Anonymous wrote:Being forced to listen to your father having sex with his girlfriend is not part of creating healthy attitudes toward sex. Would he also be okay with his son sitting in the room and watching? If not, what's the difference? To deliberately make your child overhear loud sex feels closer to abuse than healthy to me.


Dh here. Agree.
Anonymous
Post 01/20/2015 07:47     Subject: Step parents and step kids - boundaries

Anonymous wrote:OP, there's something wrong with your boyfriend.


I have to agree with this. Any mature, rational adult would understand how inappropriate this is. This to me would be a huge red flag.
Anonymous
Post 01/20/2015 07:37     Subject: Re:Step parents and step kids - boundaries

Being forced to listen to your father having sex with his girlfriend is not part of creating healthy attitudes toward sex. Would he also be okay with his son sitting in the room and watching? If not, what's the difference? To deliberately make your child overhear loud sex feels closer to abuse than healthy to me.
Anonymous
Post 01/20/2015 07:32     Subject: Step parents and step kids - boundaries

Anonymous wrote:Thank you for the responses.
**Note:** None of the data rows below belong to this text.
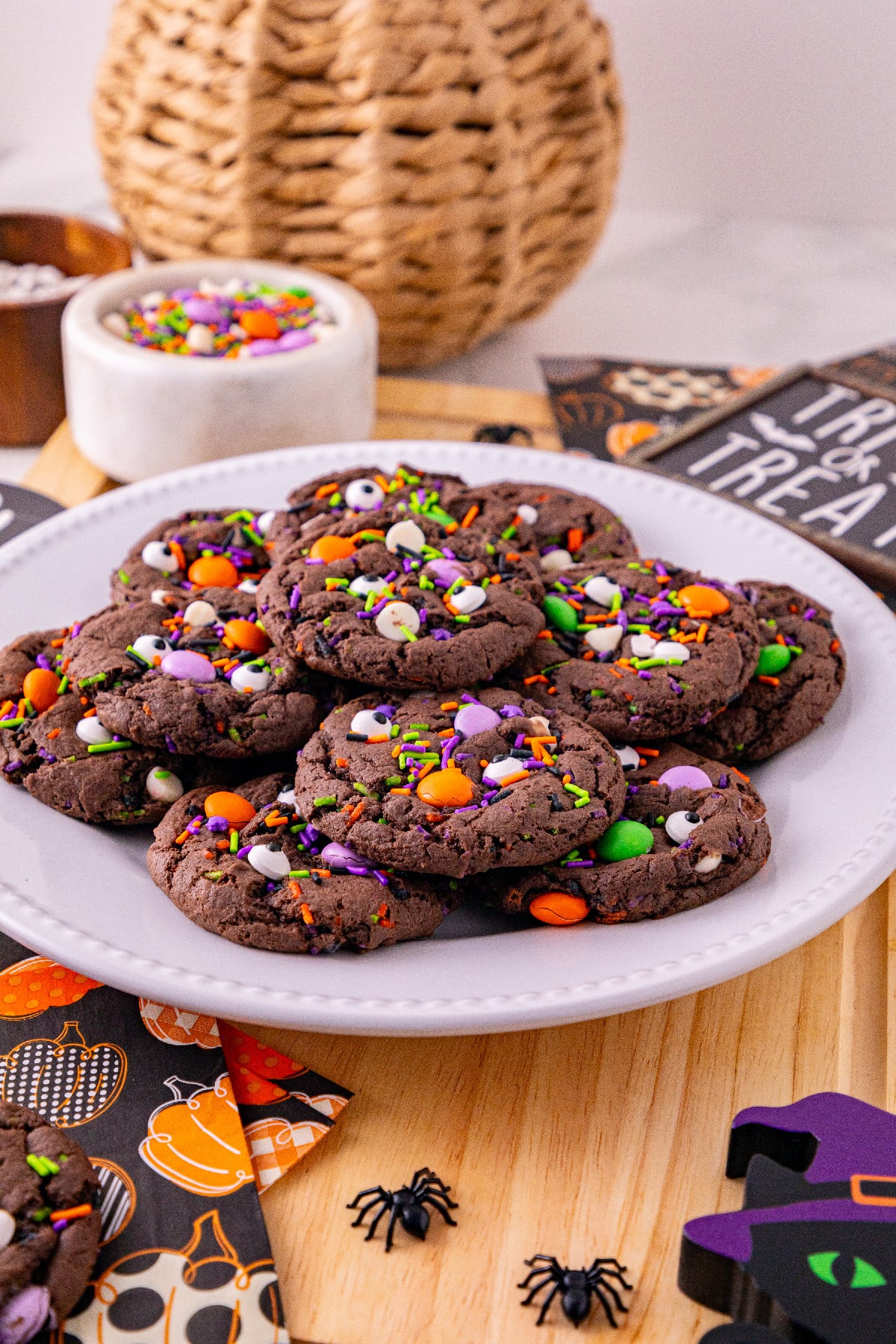 Chocolate Halloween cake mix cookies topped with colorful candies, sprinkles, and candy eyes on a white plate with Halloween decorations.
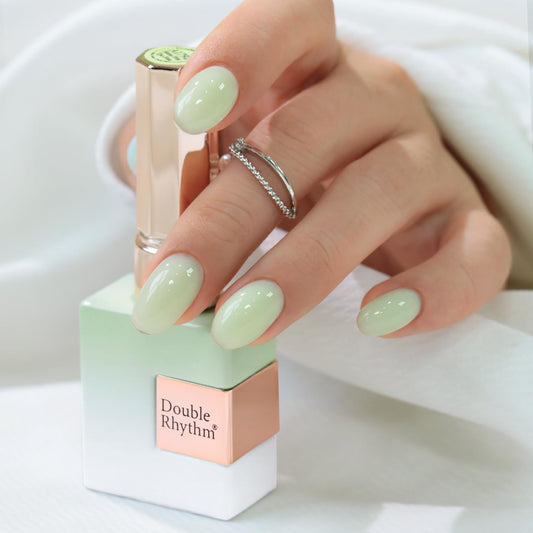 Double Rhythm front bottle view showing milky green shade and glassy finish benefit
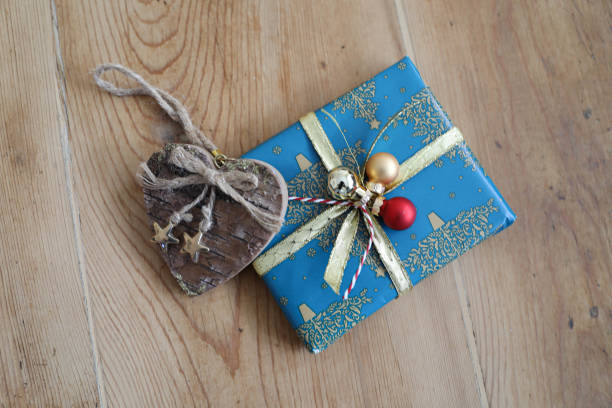 A beautifully wrapped gift with intricate wrapping paper and a decorative bow, placed on a wooden table, close-up. The focus is on the elegant presentation and details of the wrapping.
My boyfriend and I are both in our early 40s, so we both should be mature to know better. However, my boyfriend divorced the mother of his son when his son was 2, about 5 years ago.

Supposedly, there wasn't much affection between them as a couple. I think my boyfriend wants his son to have a "normal" and "healthy" view of how a man an woman interact romantically. I have explained to my boyfriend that I saw my parents kiss each other hello, goodbye, a hug here and there, sometimes hand holding, arm around the shoulder, hand behind the small of your back, but I never heard them having sex. I don't think I even knew they had sex.

My boyfriend and I were both raised devout Catholics by first generation immigrant parents, from Europe. We had somewhat strict upbringings, and that is why my boyfriend is trying his best to be more modern, contemporary, and healthy around his son.


He's certainly not giving him a "normal" or "healthy" understanding. Not at 7. Seesh. He doesn't sound very mature on that front, sorry to say.
Anonymous
Post 01/20/2015 05:51     Subject: Step parents and step kids - boundaries

Anonymous wrote:OP - You are not a stepparent. You are some chick the kid's father is fucking. Don't do it when the kid is around.


She's not a step parent indeed, but need you be that nasty? What do you get out of it? Way to devalue their relationship. You're ill-bred.
Anonymous
Post 01/20/2015 05:42     Subject: Step parents and step kids - boundaries

Anonymous wrote:Until you are married no sleeping over. You can stay over and have sex when the child is with mom.